The company was reorganized in 1931 with an entirely new administration, headed by World War I ace Walter Blume, who had scored 28 victories and earned the Pour le Mérite. When the Nazis took over in 1933, the German aviation industry was inundated with funds–Arado alone received almost 6 million Reichsmarks in contracts.

From that point on, the firm grew rapidly, and by 1938, it employed more than 14,000 people–about five times Lockheed’s employment at the time. Arado supplied a series of excellent trainers and fighters that were fundamental in establishing the Luftwaffe as a powerful military and political entity. From 1935 on, however, the firm was brought under close control by the German government, as aviation firms were first nationalized so that they could be “rationalized” for the production effort. Lubbe resisted the takeover and was arrested and forced to sell his company to the Reich.
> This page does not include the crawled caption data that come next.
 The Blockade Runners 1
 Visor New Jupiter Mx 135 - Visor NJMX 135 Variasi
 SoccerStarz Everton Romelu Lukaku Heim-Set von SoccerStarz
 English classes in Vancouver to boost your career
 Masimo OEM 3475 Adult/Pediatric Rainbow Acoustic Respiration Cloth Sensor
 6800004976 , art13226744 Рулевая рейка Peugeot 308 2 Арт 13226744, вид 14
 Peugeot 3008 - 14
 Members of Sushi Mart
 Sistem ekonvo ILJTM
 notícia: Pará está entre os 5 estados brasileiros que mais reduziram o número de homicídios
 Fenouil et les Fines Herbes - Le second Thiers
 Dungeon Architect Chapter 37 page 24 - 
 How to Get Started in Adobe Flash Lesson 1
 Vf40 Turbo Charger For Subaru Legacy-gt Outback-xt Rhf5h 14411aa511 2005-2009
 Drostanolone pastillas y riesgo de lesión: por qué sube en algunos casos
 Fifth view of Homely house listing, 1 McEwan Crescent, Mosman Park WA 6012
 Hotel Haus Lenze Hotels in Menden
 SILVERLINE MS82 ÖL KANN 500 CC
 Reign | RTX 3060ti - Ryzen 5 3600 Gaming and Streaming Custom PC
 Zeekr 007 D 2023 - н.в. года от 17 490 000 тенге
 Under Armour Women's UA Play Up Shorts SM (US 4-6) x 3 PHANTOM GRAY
Arado had delivered more than 1,500 aircraft, including license-built Heinkel He-51s, by 1936. It had not progressed technologically as rapidly as some other companies, and its designs were for a time confined to traditional construction methods. Nonetheless, it produced the distinguished Ar-196 seaplane and the classic Ar-96 trainer, an all-metal, cantilever low-wing aircraft that brought the firm into the realm of modern construction techniques. Some 12,000 Ar-96s were produced, ranking it well up on the German aircraft production list.

The final section of the book is devoted to one of the most beautiful, efficient and respected aircraft of the war, the sensational Arado Ar-234 jet. Intended originally for a reconnaissance role, it was developed into a bomber as well. The author takes us behind the scenes to glimpse the creation, production and employment of this aircraft, and also shows us the amazing developments that might have come from it had the war permitted.

Arado: History of an Aircraft Company is a great reference book and a fascinating read, for it shows clearly how the history of aviation is far more than a catalog of top speeds and wingspans. At the heart of any aviation story are the men and women who made it happen, and Arado is a prime example of just how fascinating the human element can be.